Rebecca Reubens believes in creating systems that will bring sustainability into mainstream design.
What awakened your interest in sustainability?
RR: I studied Industrial Design at NID, majoring in Furniture and Interiors. For most of my time there, I wanted to be a mainstream industrial designer. Then MP Ranjan coerced me into working with bamboo and with craft-groups. I was astounded by the poverty in terms of money and infrastructure and the richness in terms of so much else – craft, technique, culture, producer-base, material palette, etc. I decided to work for people who most needed design, but couldn’t afford it. The obvious next choice was working in the development sector, so I could do this, and still sustain myself. I joined INBAR and stayed with them for seven years.
During this time, I took a long hard look at the development sector and realized that the system didn’t make designers (or anybody else) accountable for the funds spent and for the outcome or even the output. I wanted to work in a system which was more real – where I was more accountable and more committed to doing better work because I had more skin in the game.
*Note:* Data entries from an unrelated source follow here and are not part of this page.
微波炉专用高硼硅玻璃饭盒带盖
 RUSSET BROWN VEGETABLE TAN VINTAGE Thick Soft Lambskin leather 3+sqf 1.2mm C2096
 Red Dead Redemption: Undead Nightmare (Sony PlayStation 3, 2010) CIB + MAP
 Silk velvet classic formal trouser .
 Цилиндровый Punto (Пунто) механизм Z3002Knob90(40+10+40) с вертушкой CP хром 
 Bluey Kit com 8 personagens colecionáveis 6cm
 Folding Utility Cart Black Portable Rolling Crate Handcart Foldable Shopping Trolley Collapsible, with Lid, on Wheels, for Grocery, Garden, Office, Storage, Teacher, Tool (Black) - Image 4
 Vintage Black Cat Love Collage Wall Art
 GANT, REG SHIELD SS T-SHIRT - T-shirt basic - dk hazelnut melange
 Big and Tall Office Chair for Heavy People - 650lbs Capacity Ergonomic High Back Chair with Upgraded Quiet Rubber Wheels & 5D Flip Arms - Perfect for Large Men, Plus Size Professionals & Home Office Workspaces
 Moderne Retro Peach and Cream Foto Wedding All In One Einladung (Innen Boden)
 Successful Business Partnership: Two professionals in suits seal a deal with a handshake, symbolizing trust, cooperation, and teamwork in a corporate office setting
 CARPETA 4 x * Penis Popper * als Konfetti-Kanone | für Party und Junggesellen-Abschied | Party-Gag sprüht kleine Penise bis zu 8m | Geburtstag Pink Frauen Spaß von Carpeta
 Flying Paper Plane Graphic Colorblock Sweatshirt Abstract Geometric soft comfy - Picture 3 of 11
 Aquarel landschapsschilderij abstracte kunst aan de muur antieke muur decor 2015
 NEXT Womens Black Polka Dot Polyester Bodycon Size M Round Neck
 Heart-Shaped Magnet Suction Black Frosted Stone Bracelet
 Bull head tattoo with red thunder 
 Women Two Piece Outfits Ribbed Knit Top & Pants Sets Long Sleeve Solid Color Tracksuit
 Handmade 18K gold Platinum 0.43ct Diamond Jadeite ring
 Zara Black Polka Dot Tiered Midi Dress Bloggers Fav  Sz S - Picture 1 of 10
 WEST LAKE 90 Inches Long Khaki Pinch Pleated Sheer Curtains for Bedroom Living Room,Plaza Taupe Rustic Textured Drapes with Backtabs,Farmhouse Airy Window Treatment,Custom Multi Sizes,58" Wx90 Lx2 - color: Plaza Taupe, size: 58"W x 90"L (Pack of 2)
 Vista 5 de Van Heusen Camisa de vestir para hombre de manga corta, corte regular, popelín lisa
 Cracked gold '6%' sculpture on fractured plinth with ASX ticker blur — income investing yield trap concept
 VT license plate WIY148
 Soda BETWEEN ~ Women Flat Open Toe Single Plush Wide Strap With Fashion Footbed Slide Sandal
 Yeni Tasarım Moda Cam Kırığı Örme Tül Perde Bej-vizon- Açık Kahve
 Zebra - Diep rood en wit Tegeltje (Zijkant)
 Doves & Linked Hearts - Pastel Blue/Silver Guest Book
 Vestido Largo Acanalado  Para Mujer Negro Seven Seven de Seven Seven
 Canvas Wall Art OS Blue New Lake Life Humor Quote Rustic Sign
How did Rhizome come about?
RR: In 2009 I started Rhizome in Delhi to see whether sustainability could be sustainable. It is a for-profit sustainability design firm - where sustainability is not linked to public funds, or a typical not-for-profit operational and funding structure for sustenance. I wanted to see whether I could transition from the ‘sustainable design’ model of the West to a sustainability design model for the rest of the world (including the West). Rhizome was born to be the vehicle for this investigation.
Diese Geschichte stammt aus der POOL 74-Ausgabe von POOL.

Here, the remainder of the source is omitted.